Re: ListenSMTP processor

2016-07-17 Thread Andre
Dan,

Ingesting Microsoft Journals seem like a great suggestion for a new
processor ( ParseExchangeJounal ?).

Regarding TNEF: As far as I know, Apache Commons - Mail does not pase
"winmail.dat"
type attachments. As far as I understand the only ASL compatible
implementation of a TNEF extractor is Apache's POI and even that
implementation is not part of POI's main release.

If TNEF support is required we will ether have to code from scratch or
perhaps use https://github.com/koodaamo/tnefparse together with
ExecuteScript (although since tnefparse  is LGPL, this solution cannot be
packaged as part of NiFi).

Cheers

On Sun, Jul 17, 2016 at 10:53 AM, djmdata <danmarshal...@gmail.com> wrote:

> What is the JIRA #?
>
> I have a production system that reads email from a custom SMTP listener and
> places the SMTP payload into Kafka. A Storm topology reads messages from
> Kafka and parses the emails (Java code using JavaMail API) into useful info
> (subject, text, attachments, body, etc...).
>
> I'm looking at plugging NiFi into this to replace the custom SMTP listener.
> If you had a processor that could act as a reliable (we can't lose emails)
> and performant SMTP listener alternative we would use it.
>
> Your "email parser processor" is an interesting idea - but beware of the
> mess you'll find in the wild with email.

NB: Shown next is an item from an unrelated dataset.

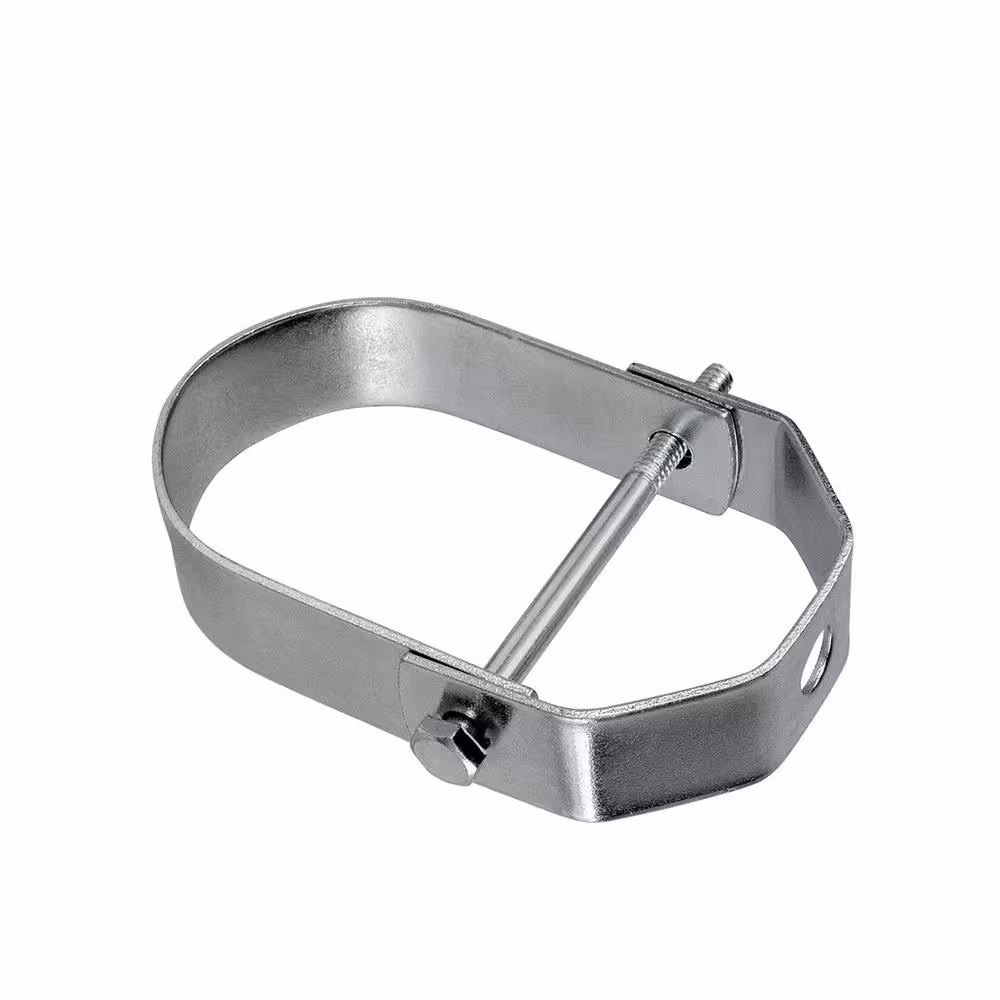 The Plumber's Choice 4 in. Clevis Hanger for Vertical Pipe Support in Light Duty Electro Galvanized Steel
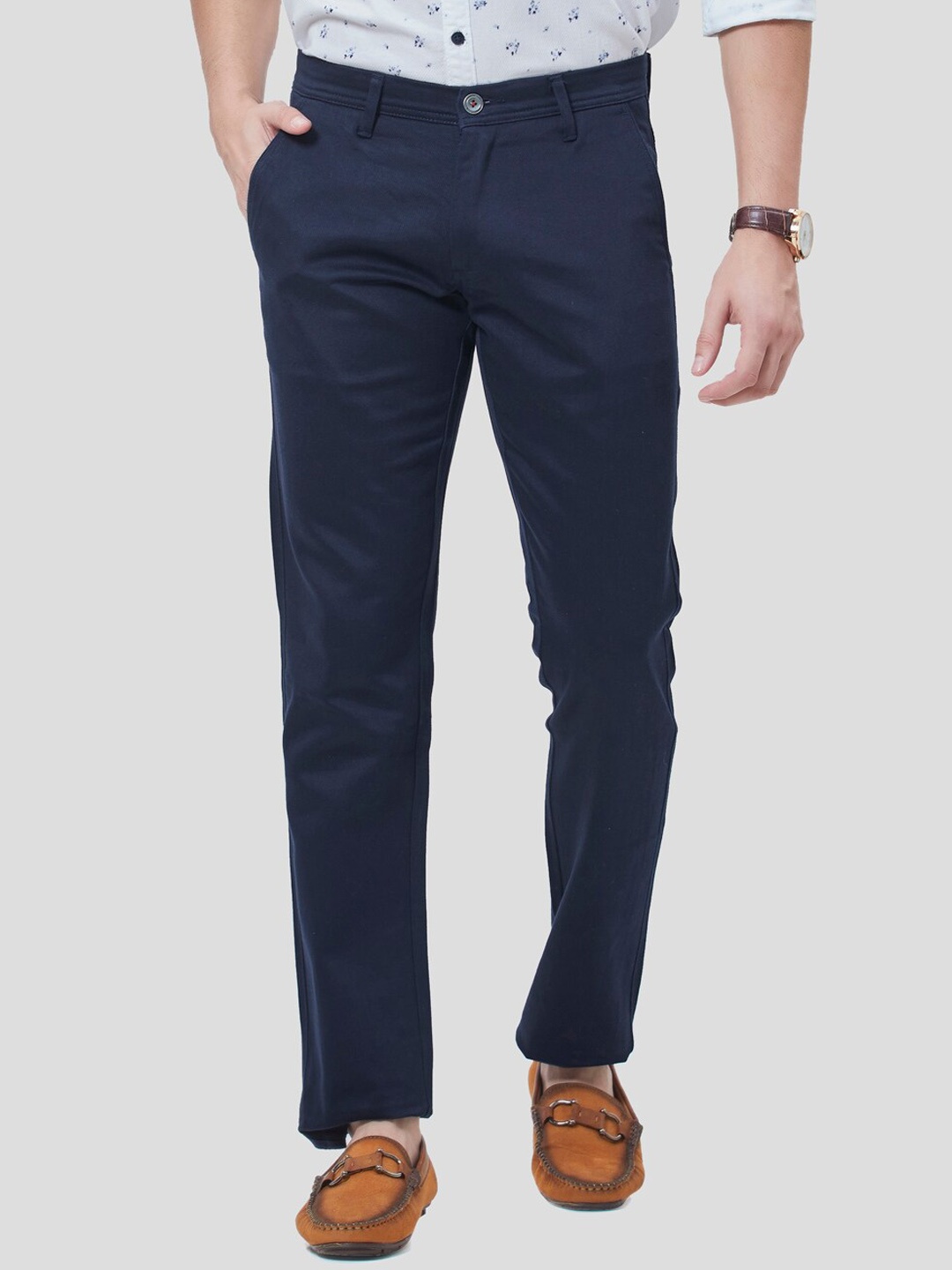 

Oxemberg Men Navy Blue Smart Slim Fit Trousers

In our case, we try to parse
> Exchange (full of non-standard wonders like "TNEF" attachments") as well as
> email from virtually anywhere (GMail, Yahoo, Joe's email client...). If you
> can crack that you'll be on to something. We have even more complexity in
> that we read "Microsoft Journals" which wrap the standard SMTP layout in a
> Microsoft layer (you'll see this at large Exchange shops doing this kind of
> thing for use cases like compliance).
>
>
>
> --
> View this message in context:
> http://apache-nifi-developer-list.39713.n7.nabble.com/ListenSMTP-processor-tp10510p12827.html
> Sent from the Apache NiFi Developer List mailing list archive at
> Nabble.com.
>


Re: ListenSMTP processor

2016-07-16 Thread djmdata
What is the JIRA #?

I have a production system that reads email from a custom SMTP listener and
places the SMTP payload into Kafka. A Storm topology reads messages from
Kafka and parses the emails (Java code using JavaMail API) into useful info
(subject, text, attachments, body, etc...).

I'm looking at plugging NiFi into this to replace the custom SMTP listener.
If you had a processor that could act as a reliable (we can't lose emails)
and performant SMTP listener alternative we would use it.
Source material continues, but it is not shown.